Neil Stevens: It’s a tight race. Romney doesn’t have to swing for the fences. He doesn’t need a “You had an option, sir” or a “There you go again.” But I wouldn’t mind a “You forgot Poland.”
Dan McLaughlin: My number one hope is that Romney doesn’t go for the capillaries – doesn’t squander the opportunity by mounting weak attacks. Obama by now is such a huge target-rich environment, and Romney should be loaded for bear with everything all of us have wanted to challenge to his face for 4 years.
Moe Lane: I largely want to see a debate performance where I am not embarrassed by my party’s nominee. I have good expectations for that. The new format is going to confuse people, though – particularly those of us who are more used to the debate process.
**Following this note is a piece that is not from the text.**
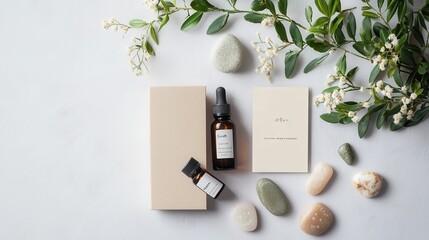 A flat lay featuring self-care essentials: essential oils, branded affirmation cards, and crafts like hand-painted stones with positive messages,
Aaron Gardner: The way I see the race, Obama is failing to hold on to indies that carried him in 08, Dem enthusiasm is down, Colorado is closer than anyone thought it would be. This is Romney’s race to win. This debate will either be a turning point that leads to a shellacking, or it will mark the moment Romney/Ryan died.
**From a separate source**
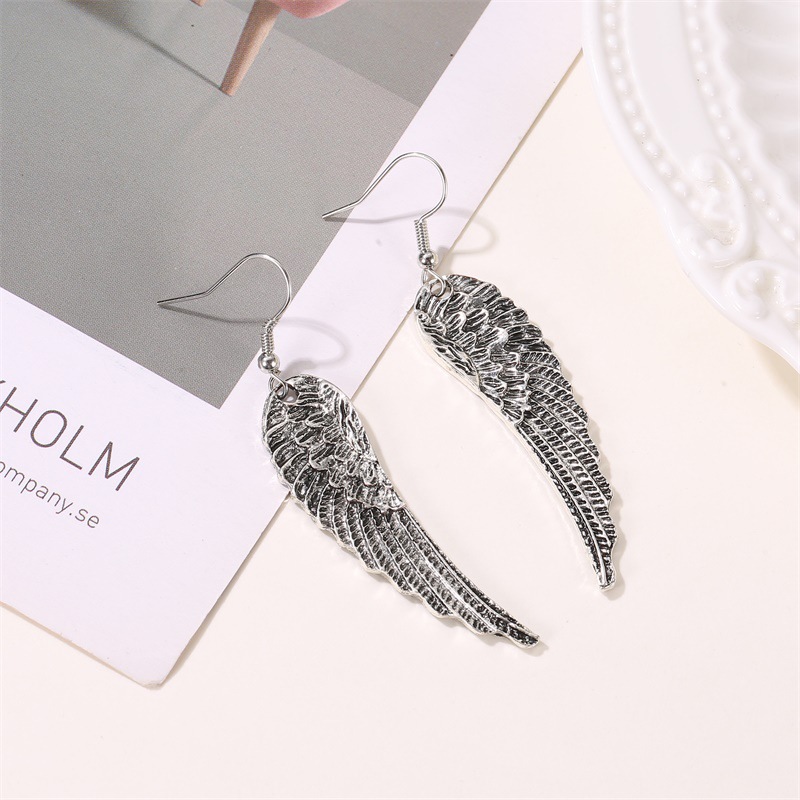 New Style Feather Earrings Retro Wings Earrings Fashion Angel Wings Trend Earrings Wholesale Nihaojewelry display picture 3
Romney did well in the primary debates flanked by 999, Santorum and Gardisil, but how will he do with no one on the stage to jump in front of bullets for him?
I expect to see Romney’s best attempt at a Reagan-esque tone that sounds moderate and reasonable and common sense while still being rooted in conservative center right thought.
I want to see Romney take advantage of the likelihood that Obama will try to attack on social issues. Romney should be short and direct with this, don’t let yourself get bogged down in the mire with Obama, appeal to the reasonable and ask why the government doesn’t trust women to take care of themselves, why does Obama treat them as victims.
Overall, I think Romney will win this one and possibly make the emperor bleed in front of the public.
Aaron: My assessment of the first half hour is that Romney is landing good hits and he immediately connected with the crowd and the home audience by stealing Obama’s anniversary thunder.
Solid first half hour for Romney and Obama has looked off.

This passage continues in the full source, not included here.